Murphy report Garda phone line gets 50 to 60 calls

THERE have been 50 to 60 calls to a dedicated Garda phone line set up to deal with complaints arising from the Murphy report.

Experienced detectives attached to the Garda’s specialist sex crimes unit have been tasked to investigate the calls.

However, it is not clear how many, if any, of the calls will lead to criminal investigations as many are believed to be from people making general criticisms of the Church and gardaí.

A spokesman for the Garda Síochána said: “There have been up to 10 calls per day since the phone line was set up seven days ago.

“All the calls have been logged and jobbed out to people. They will all be followed up to examine their content.”

The phone line was set up by Garda Commissioner Fachtna Murphy last Thursday week, the day the Murphy report was published.

Commissioner Murphy urged people “who experienced child sexual abuse or who have information about the commission of criminal offences in the context of the report” to ring the phone line on 01-6663066.

It is understood that in the region of 50 to 60 calls have been logged by gardaí.

The calls are believed to be from a variety of people: those who have read the report; some who have read extracts; and people who had read newspaper reports.

Some of the callers were making complaints, others were highlighting certain issues while a number are believed to have been generally venting their anger.
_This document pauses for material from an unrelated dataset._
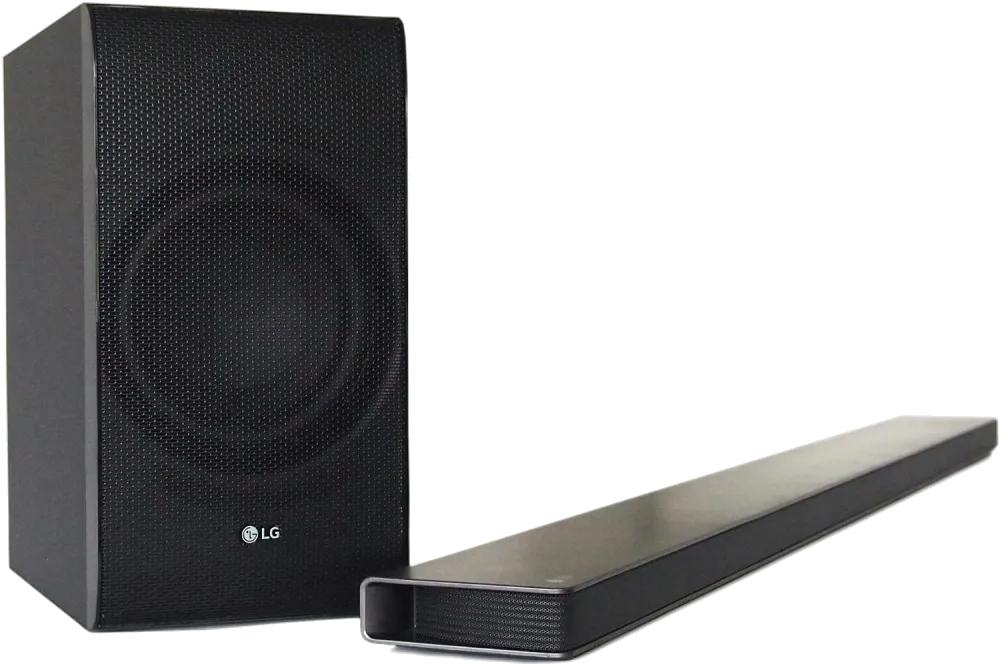 Ремонт блока управления LG SJ8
Members of the Garda Domestic Violence and Sexual Assault Unit (DVSAU) will now go through all the concerns and complaints logged and investigate them further.

The DVSAU, set up in 1997 and part of the National Bureau of Criminal Investigation (NBCI), was praised in the Murphy report for its “professionalism and courtesy” towards victims.
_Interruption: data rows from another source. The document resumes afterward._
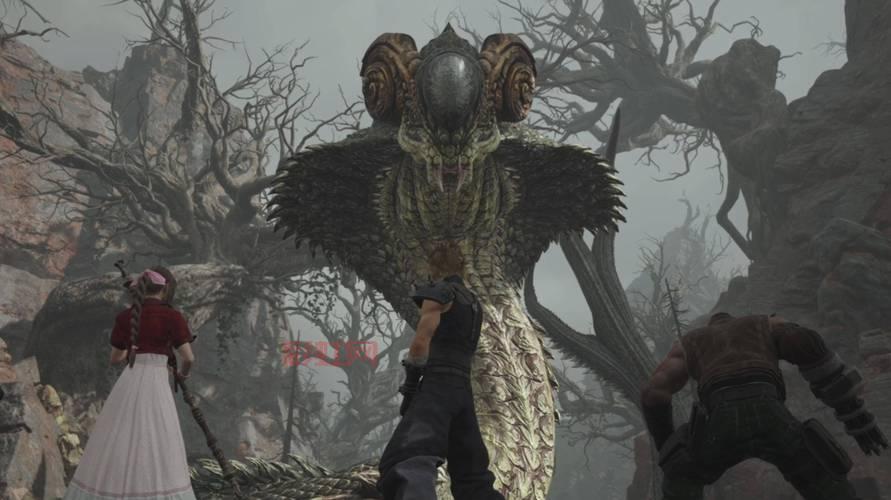 最终幻想7游戏:揭开不朽JRPG的魅力与创新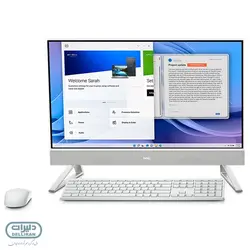 قیمت کامپیوتر همه کاره Dell all in one 5420-i7-1355u/16gb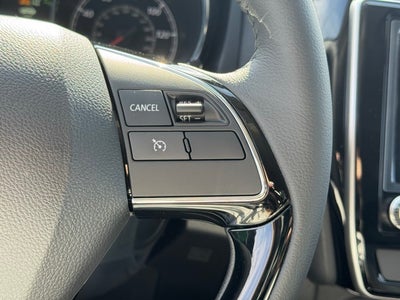 2026 Mitsubishi Outlander Sport Base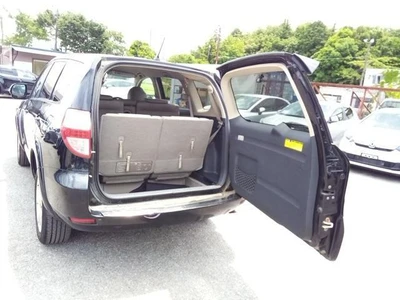 Toyota RAV4 2007, kuva 5/14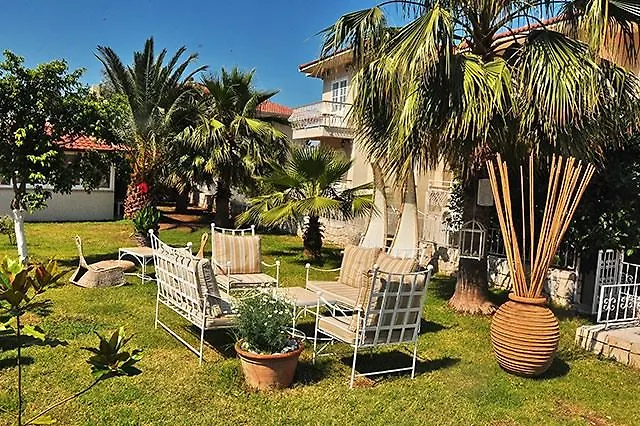 The Blue Lagoon Deluxe Ölüdeniz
Not all of the calls can be investigated as some of the callers declined to identify themselves.

Meanwhile, the investigation set up by Commissioner Murphy to examine the handling of clerical sex abuse cases by State and Church officials is progressing.

The probe is being led by Assistant Commissioner (AC) John O’Mahoney, who has assembled a team, drawn in large part from the NBCI and the DVSAU.

Commissioner Murphy said last Monday that he expected a preliminary report from AC O’Mahoney in a couple of weeks setting out how long the investigation would take.